*** Begin section ***

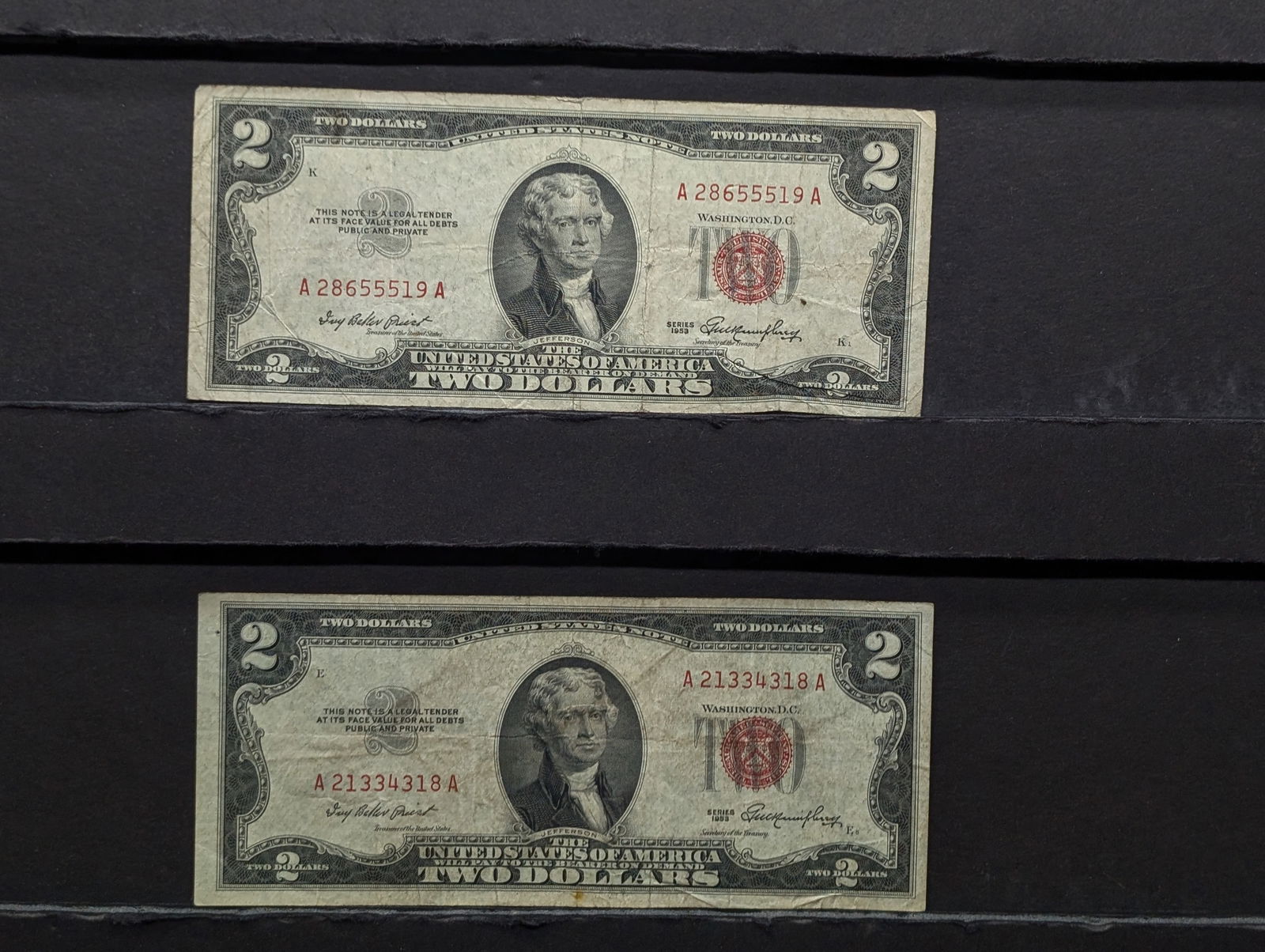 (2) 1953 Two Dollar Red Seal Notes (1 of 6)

*** End section ***
*** Begin section ***

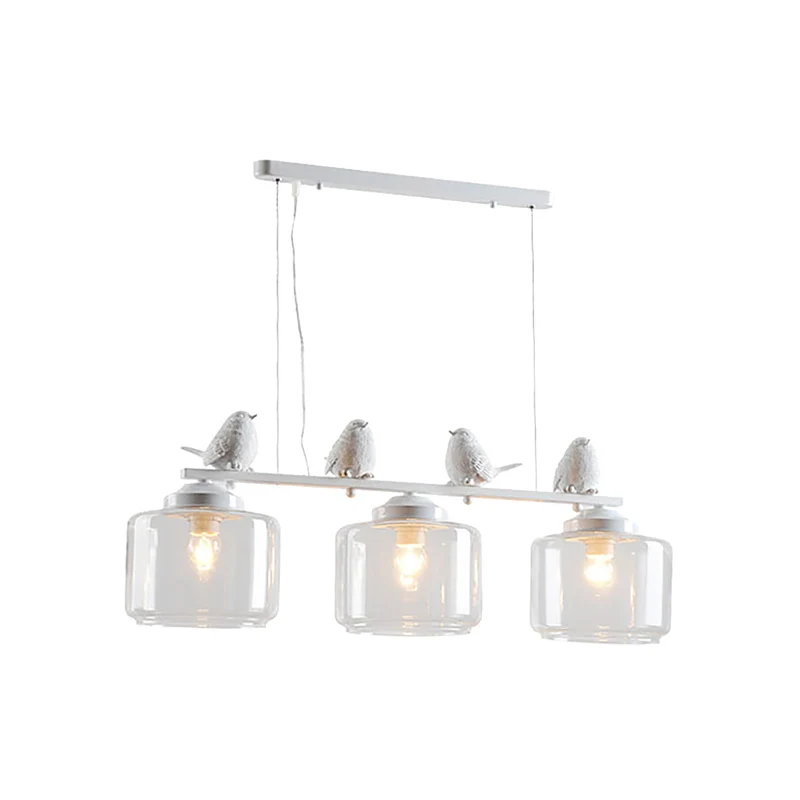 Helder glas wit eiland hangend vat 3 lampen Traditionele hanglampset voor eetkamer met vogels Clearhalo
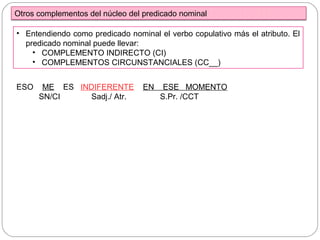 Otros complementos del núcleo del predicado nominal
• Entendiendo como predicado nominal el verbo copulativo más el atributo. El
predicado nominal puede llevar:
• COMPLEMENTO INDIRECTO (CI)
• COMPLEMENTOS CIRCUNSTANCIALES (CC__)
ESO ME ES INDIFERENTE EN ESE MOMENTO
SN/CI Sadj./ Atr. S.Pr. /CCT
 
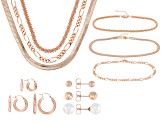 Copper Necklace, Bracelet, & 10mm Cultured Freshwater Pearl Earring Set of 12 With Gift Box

*** End section ***
*** Begin section ***

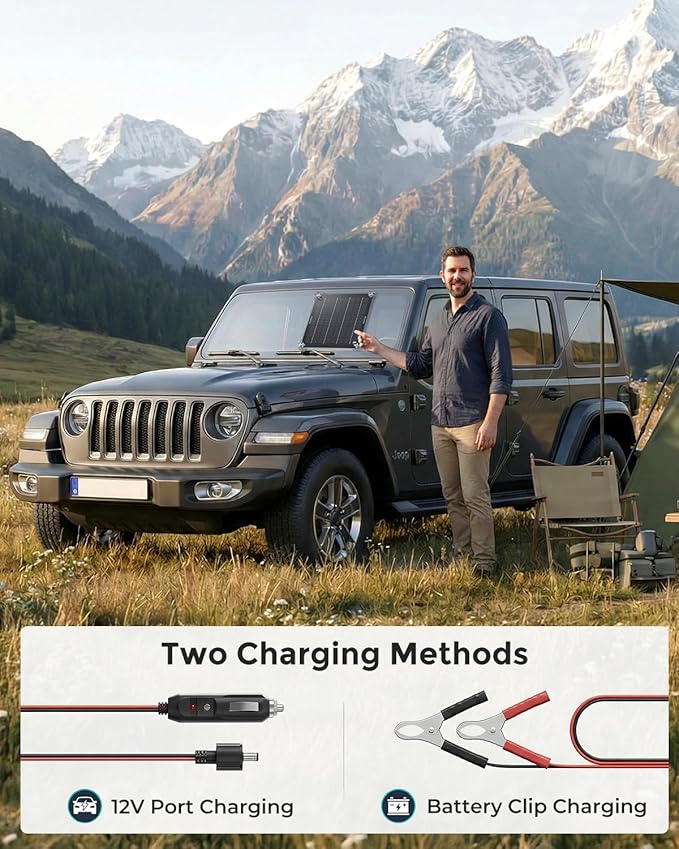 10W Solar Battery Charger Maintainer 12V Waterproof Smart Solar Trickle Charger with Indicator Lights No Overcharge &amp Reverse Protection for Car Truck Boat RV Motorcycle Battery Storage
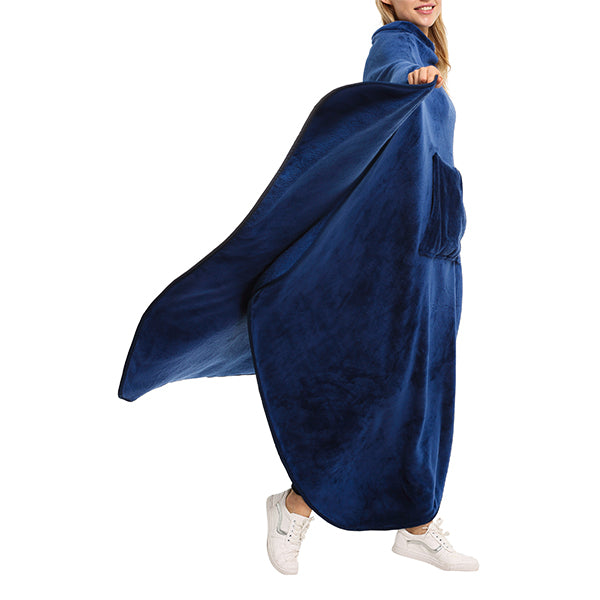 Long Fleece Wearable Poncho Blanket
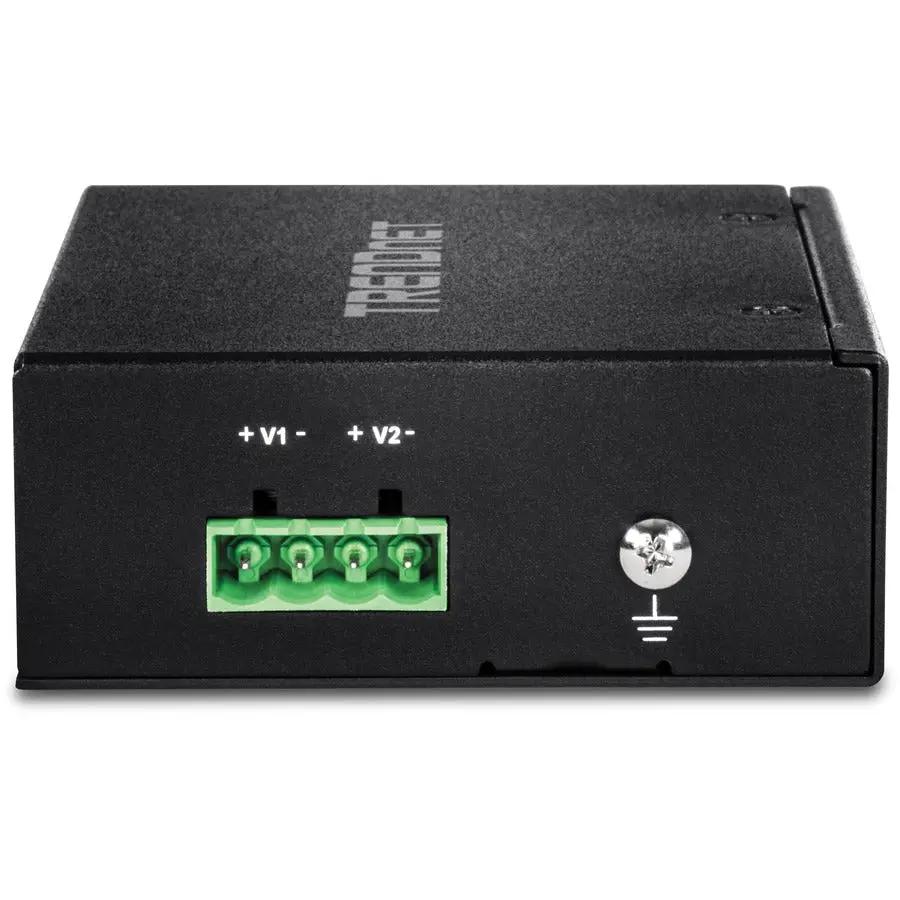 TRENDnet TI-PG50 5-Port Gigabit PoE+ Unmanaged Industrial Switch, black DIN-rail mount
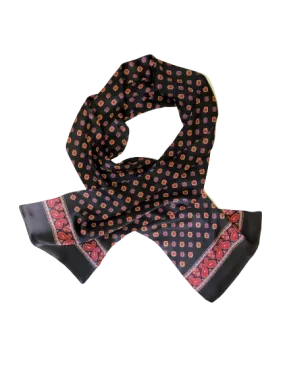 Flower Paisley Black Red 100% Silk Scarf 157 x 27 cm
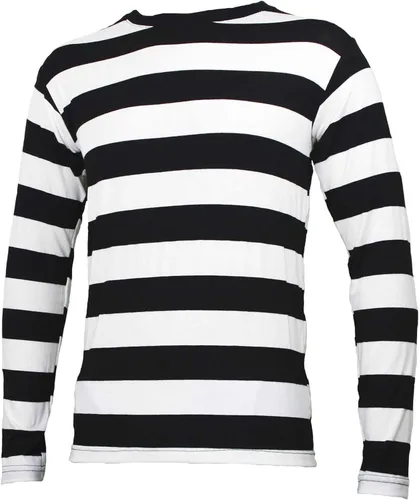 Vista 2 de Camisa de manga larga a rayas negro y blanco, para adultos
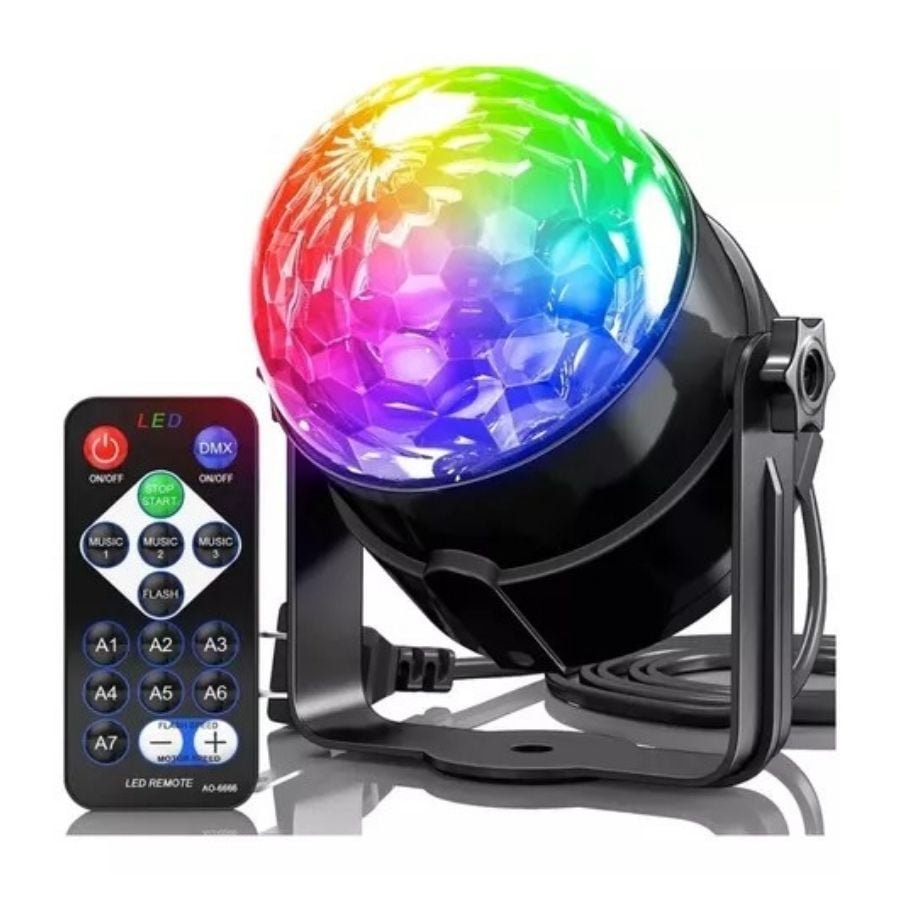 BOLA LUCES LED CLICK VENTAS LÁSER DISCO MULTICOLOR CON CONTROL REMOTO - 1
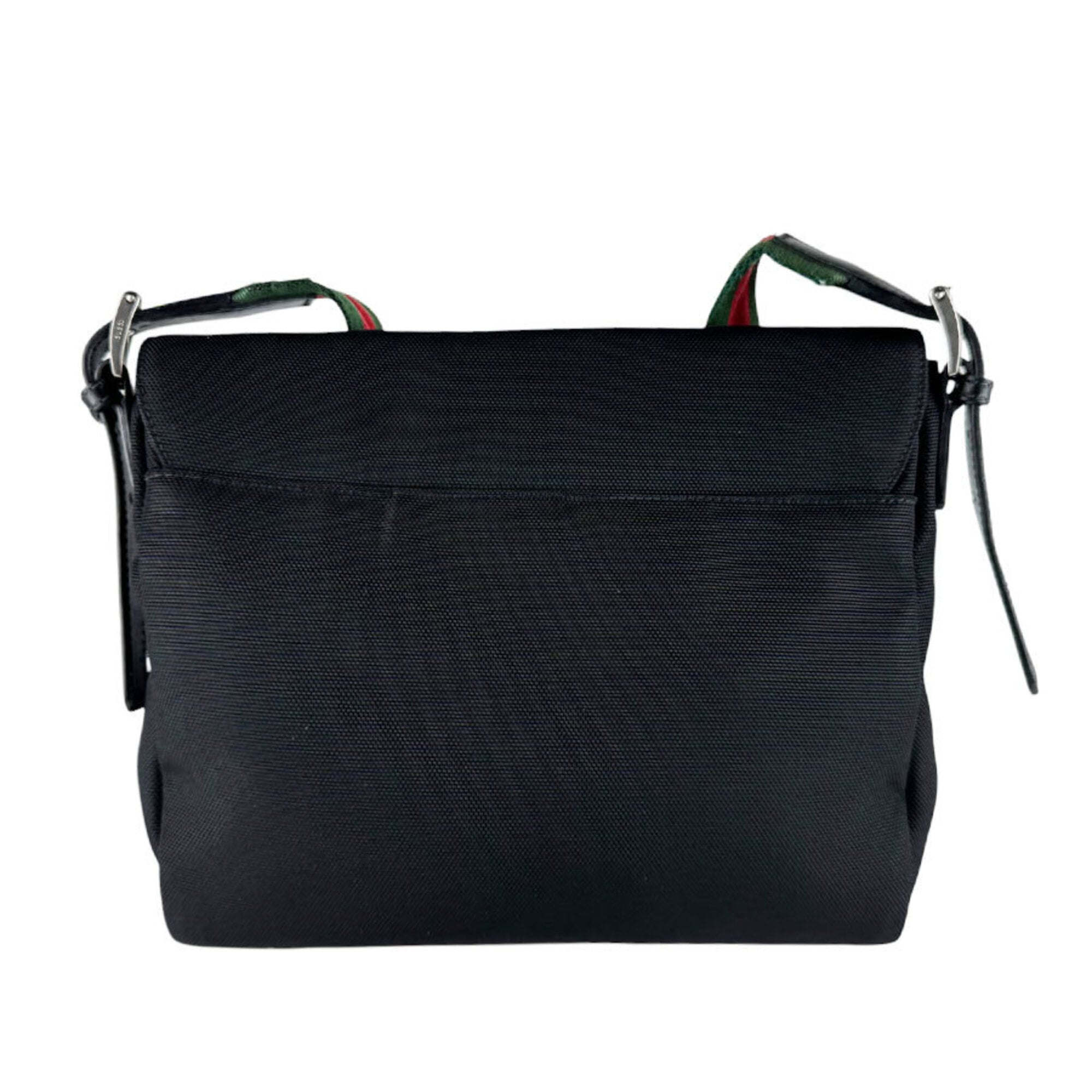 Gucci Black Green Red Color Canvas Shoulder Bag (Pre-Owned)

*** End section ***

- [WHAT TO DO]:
Work from the entries above. Set down exactly and only the lines from the line with "TRENDnet TI-PG50 5-Port" to the line with "Gucci Black Green", both included, and leave the pictures out.

- [RESULT OF THE TASK]:
 TRENDnet TI-PG50 5-Port Gigabit PoE+ Unmanaged Industrial Switch, black DIN-rail mount
 Flower Paisley Black Red 100% Silk Scarf 157 x 27 cm
 Vista 2 de Camisa de manga larga a rayas negro y blanco, para adultos
 BOLA LUCES LED CLICK VENTAS LÁSER DISCO MULTICOLOR CON CONTROL REMOTO - 1
 Gucci Black Green Red Color Canvas Shoulder Bag (Pre-Owned)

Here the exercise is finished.